Le foncier en France et en Europe reste en effet cher, mais dans le cadre de projets mixtes, « c'est un surcroît de qualité », estime Jonathan Sebbane de la Sogaris. « Les professionnels de la distribution doivent notamment transformer leurs pratiques : encadrer le bruit, verdir les flottes, utiliser au maximum des véhicules doux en sortie ». « C'est dans notre cahier des charges : des véhicules électriques, de l'hydrogène, du froid et même des options comme l'agriculture urbaine », réplique David Taieb de BT-Immo et de Castignac qui promet de déployer des standards industriels en huit mois.
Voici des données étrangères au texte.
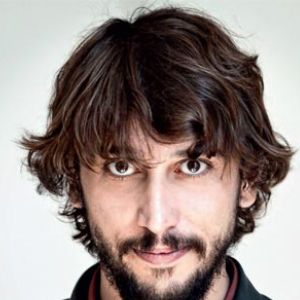 Foto Corrado Fortuna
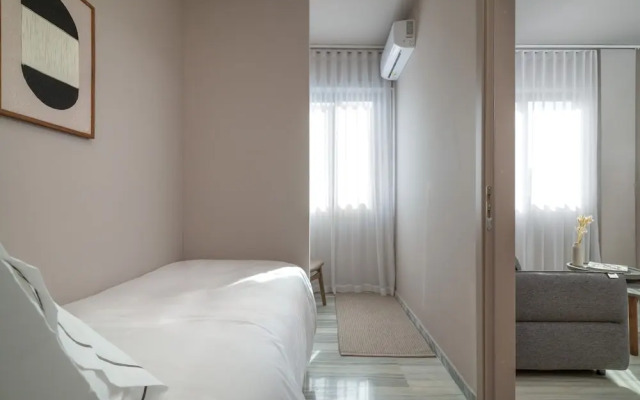 Num Suites & Lofts Athens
« L'enjeu réside dans la densité du maillage des grandes villes par un nombre significatif d'espaces de distribution urbaine et la création d'un véritable réseau opérationnel de distribution ; ainsi et c'est paradoxal, plus les collectivités et les riverains plébisciteront et accepteront l'installation de ce type de locaux, plus cet écosystème sera efficace et en mettra en évidence son bien-fondé pour l'apaisement des centres-villes et la vie des quartiers », insiste, pour sa part, Rémi Goléger de Corsalis.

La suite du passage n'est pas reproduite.